Whatever get's decided, hopefully it will apply equally for hand rank 1 and hand rank 11.
Although for a shootout the stakes are much lower than for lowball - because in a shootout a "perfect tie" results in the leader choosing casualties first, effectively becoming the "loser" in a way (just not for the sake of actual card effects). In lowball, a "perfect tie" creates a scenario where the phase can't actually resolve!
I could see a few things being considered here if a "perfect tie" was allowed to stand:
1) Redraw lowball hand and try again (with same bonuses, if any).
2) The Winner from last turn carries over to this turn - players get their antes back.
3) The Winner from last turn carries over to this turn - and gets to keep the antes too.
4) All unbooted dudes boot into the Town Square for a grand Shootout (kidding!)
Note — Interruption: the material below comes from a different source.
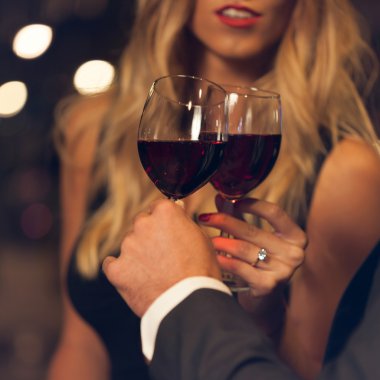 Nişan için alkış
Number 1 may be a little physically card-drawing intensive in some match-ups (think: four Heretic Jokers circulating). Number 2 & 3 fall apart when this happens on the first lowball of the game. Number 4 might make a good game tie-breaker rule...
I am reminded of a rule that has always bothered me. Did anybody watch the Superbowl? I consider it incredibly inelegant to take a game about "skill" and go about making a major decision (such as who gets "initiative") decided by an out-of-game chance element (a coin-flip). This is actually one of the reasons why I like watching Basketball much better than Football.
In Classic, back when Unique dudes were truly Unique (barring Bio-engineering), if both players revealed, say, Jake Smiley in their starting posse, only one player got to keep him. And it wasn't resolved by a stinking coinflip! It was resolved by a Pull, which, being an in-game chance element, I thought was entirely clever. And more importantly, fair. Because you can build for it.
So what if there was a way in DTR, failing the initial Lowball, to determine initiative (for Grifters and other Reacts and maybe even "perfect ties") that utilized in-game chance elements? Where is my Jump Ball!